Information given:
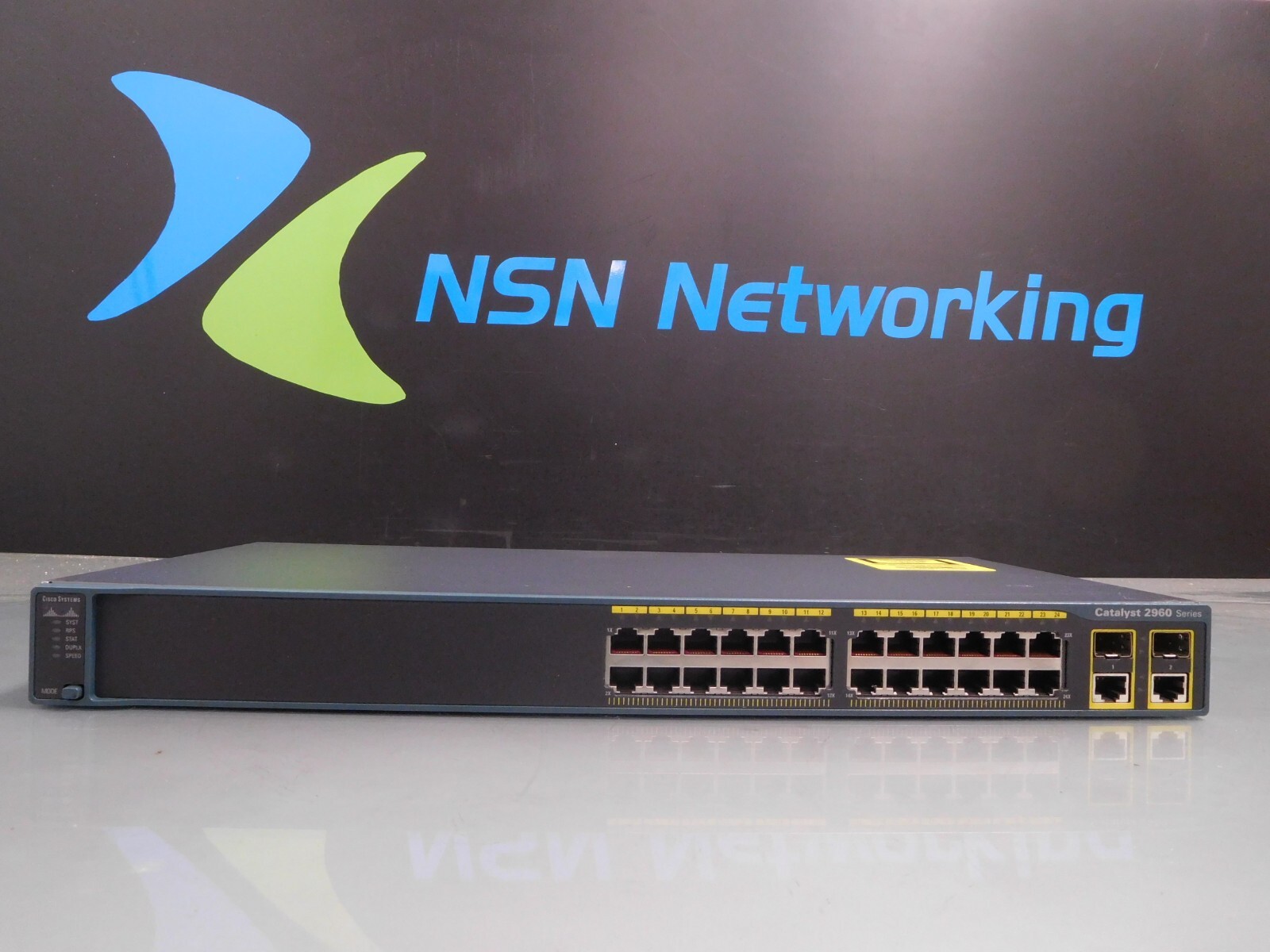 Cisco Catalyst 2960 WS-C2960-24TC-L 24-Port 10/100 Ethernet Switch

==

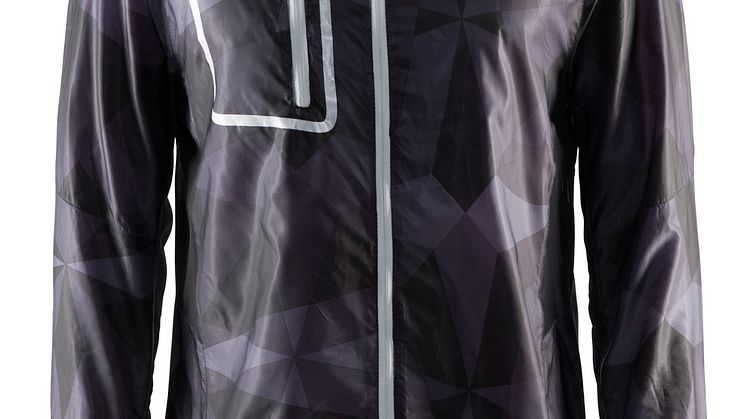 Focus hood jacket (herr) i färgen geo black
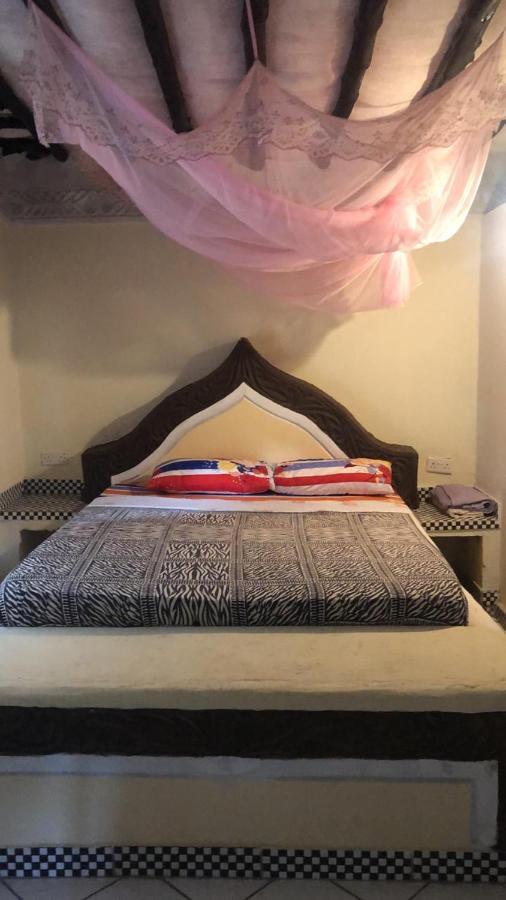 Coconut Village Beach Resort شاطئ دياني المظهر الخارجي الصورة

==

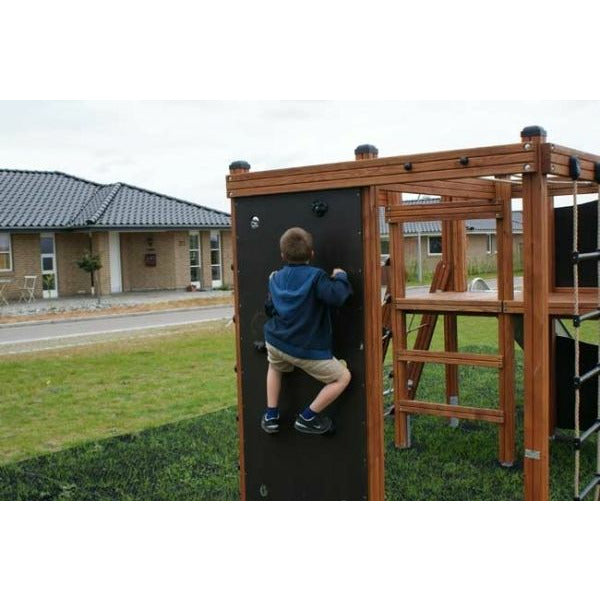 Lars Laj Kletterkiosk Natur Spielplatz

Exercise prompt: Up in the listing, locate the line with "Focus hood jacket (herr) i färgen geo black"; print it and every line after it down to the line with "Coconut Village Beach", which is included too. Skip the pictures.

Response for this exercise:
 Focus hood jacket (herr) i färgen geo black
 Coconut Village Beach Resort شاطئ دياني المظهر الخارجي الصورة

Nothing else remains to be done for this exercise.